**DATA EXCERPTS**.
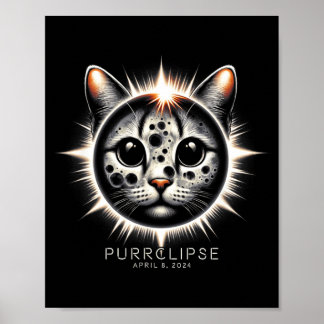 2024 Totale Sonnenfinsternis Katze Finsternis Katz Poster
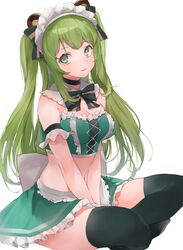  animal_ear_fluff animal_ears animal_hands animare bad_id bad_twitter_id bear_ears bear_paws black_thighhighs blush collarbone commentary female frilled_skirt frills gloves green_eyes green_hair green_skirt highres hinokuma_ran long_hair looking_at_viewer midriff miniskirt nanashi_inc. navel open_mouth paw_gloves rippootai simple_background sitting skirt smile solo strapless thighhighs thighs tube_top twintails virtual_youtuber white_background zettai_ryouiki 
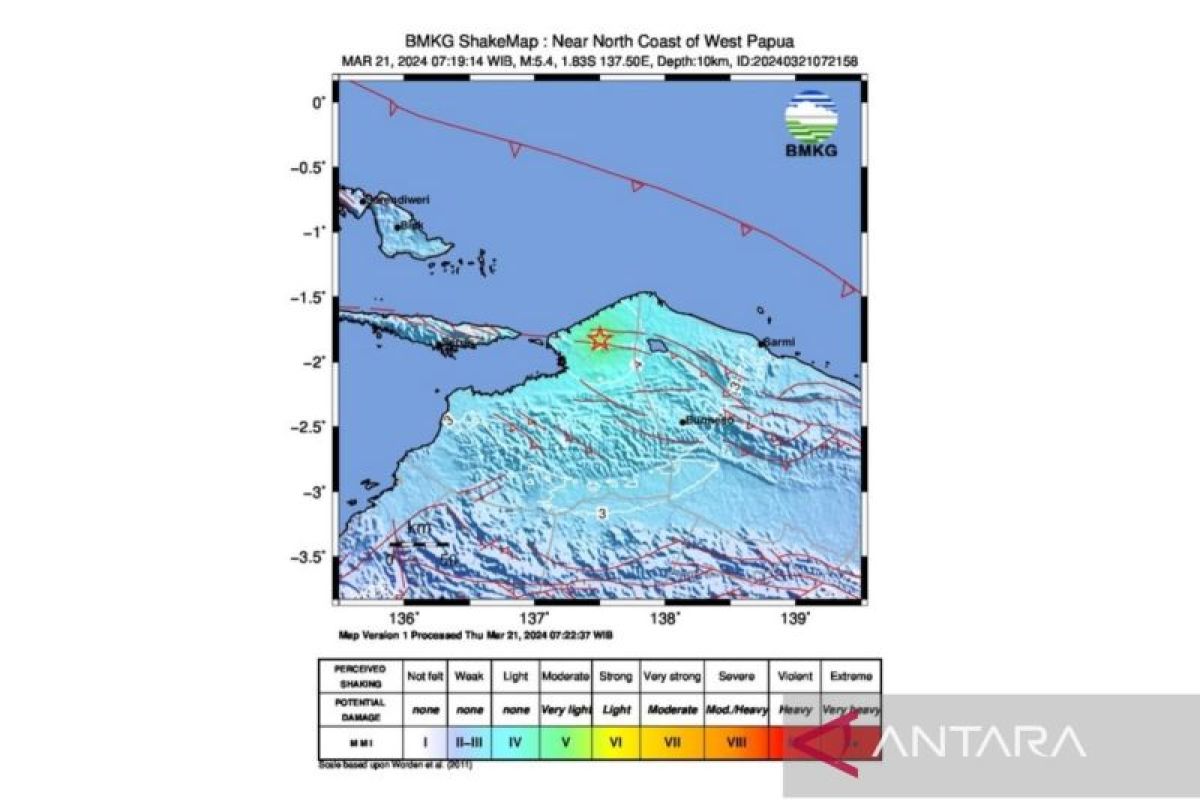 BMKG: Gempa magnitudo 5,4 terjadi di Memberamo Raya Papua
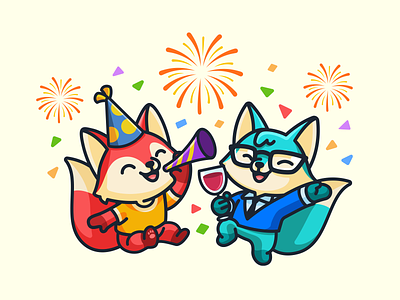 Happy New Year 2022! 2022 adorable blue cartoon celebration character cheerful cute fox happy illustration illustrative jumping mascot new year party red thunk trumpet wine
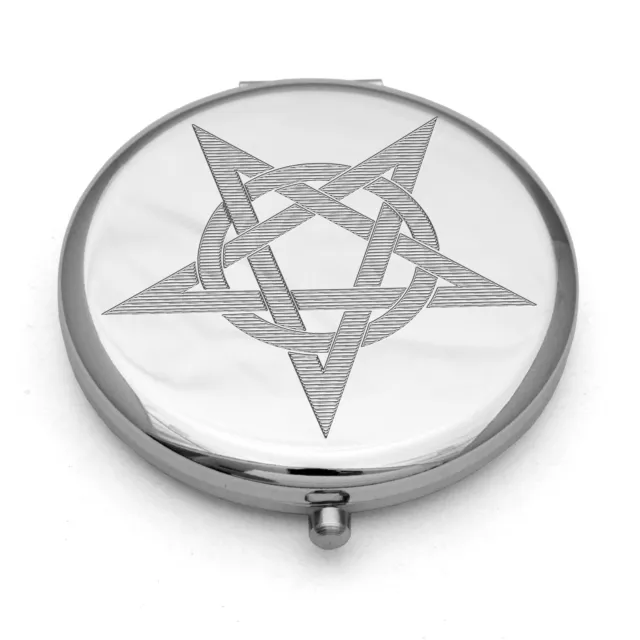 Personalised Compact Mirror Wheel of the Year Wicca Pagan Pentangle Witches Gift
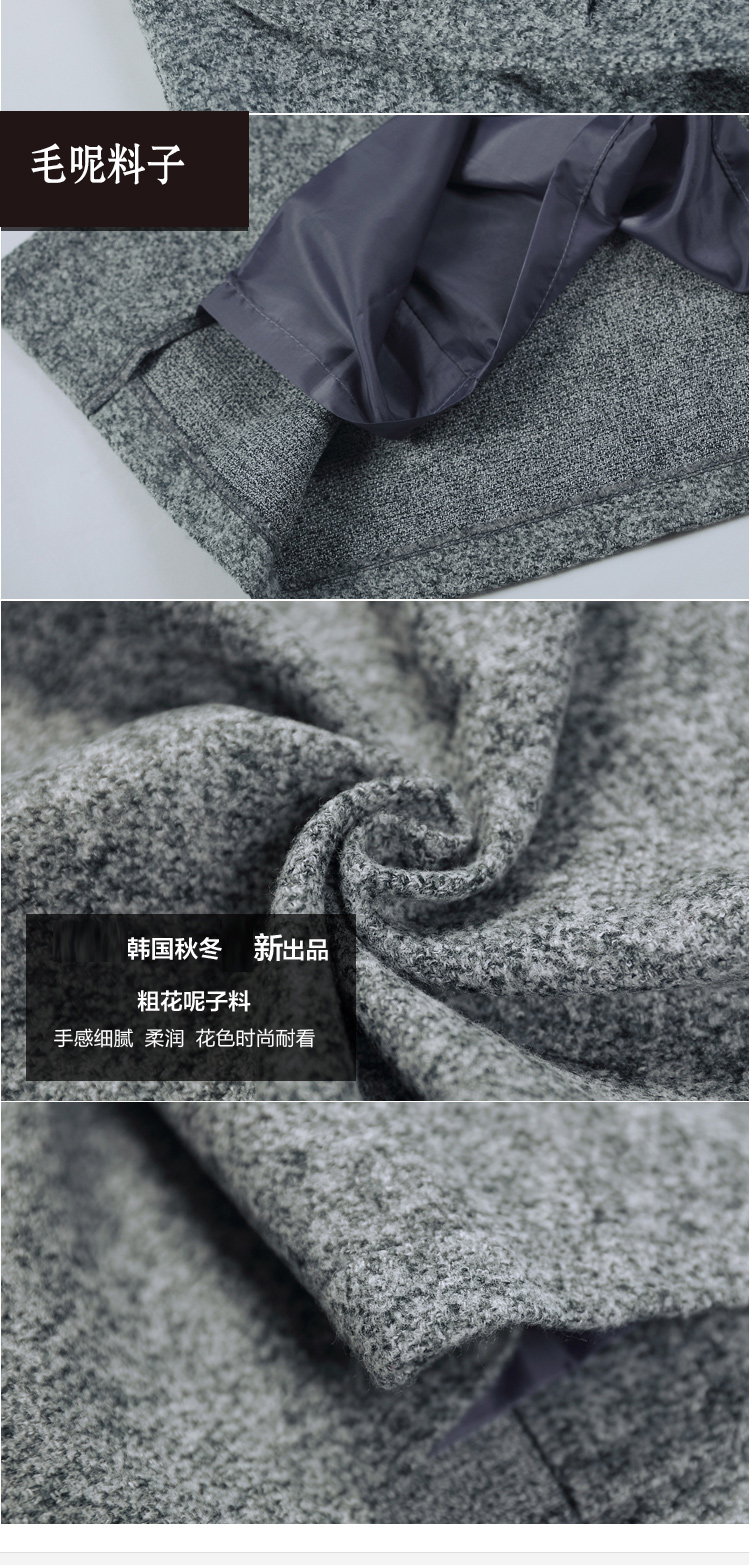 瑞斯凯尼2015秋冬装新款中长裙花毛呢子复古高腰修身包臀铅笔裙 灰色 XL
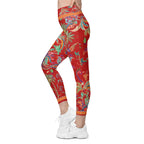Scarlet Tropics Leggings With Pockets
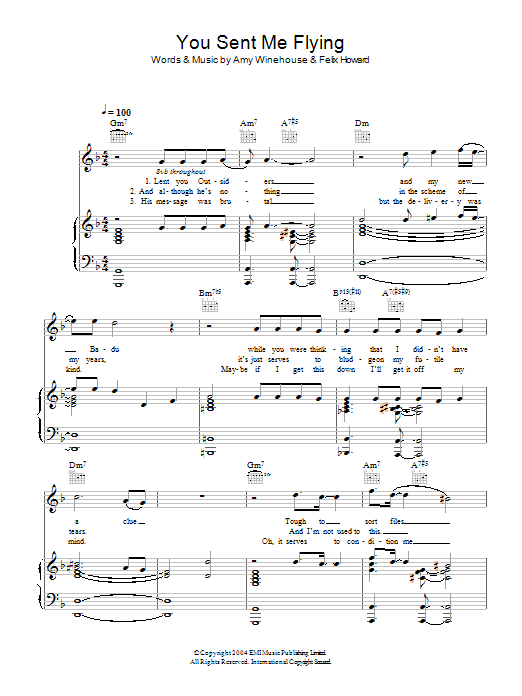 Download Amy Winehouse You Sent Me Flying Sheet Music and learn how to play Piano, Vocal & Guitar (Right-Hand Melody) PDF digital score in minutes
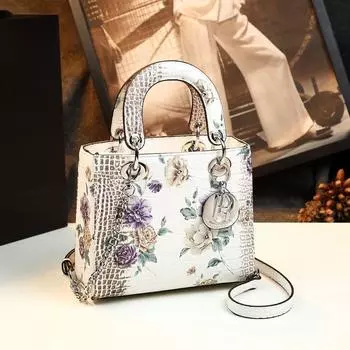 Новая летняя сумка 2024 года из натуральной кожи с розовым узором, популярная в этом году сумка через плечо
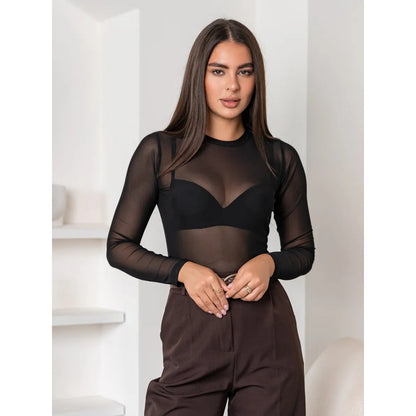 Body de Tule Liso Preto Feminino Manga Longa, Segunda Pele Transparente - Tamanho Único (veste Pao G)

**WHAT YOU SHOULD DO**. Output the entries above verbatim, leaving out images.

**EXPECTED ANSWER**.
 2024 Totale Sonnenfinsternis Katze Finsternis Katz Poster
  animal_ear_fluff animal_ears animal_hands animare bad_id bad_twitter_id bear_ears bear_paws black_thighhighs blush collarbone commentary female frilled_skirt frills gloves green_eyes green_hair green_skirt highres hinokuma_ran long_hair looking_at_viewer midriff miniskirt nanashi_inc. navel open_mouth paw_gloves rippootai simple_background sitting skirt smile solo strapless thighhighs thighs tube_top twintails virtual_youtuber white_background zettai_ryouiki 
 BMKG: Gempa magnitudo 5,4 terjadi di Memberamo Raya Papua
 Happy New Year 2022! 2022 adorable blue cartoon celebration character cheerful cute fox happy illustration illustrative jumping mascot new year party red thunk trumpet wine
 Personalised Compact Mirror Wheel of the Year Wicca Pagan Pentangle Witches Gift
 瑞斯凯尼2015秋冬装新款中长裙花毛呢子复古高腰修身包臀铅笔裙 灰色 XL
Scarlet Tropics Leggings With Pockets
 Download Amy Winehouse You Sent Me Flying Sheet Music and learn how to play Piano, Vocal & Guitar (Right-Hand Melody) PDF digital score in minutes
 Новая летняя сумка 2024 года из натуральной кожи с розовым узором, популярная в этом году сумка через плечо
 Body de Tule Liso Preto Feminino Manga Longa, Segunda Pele Transparente - Tamanho Único (veste Pao G)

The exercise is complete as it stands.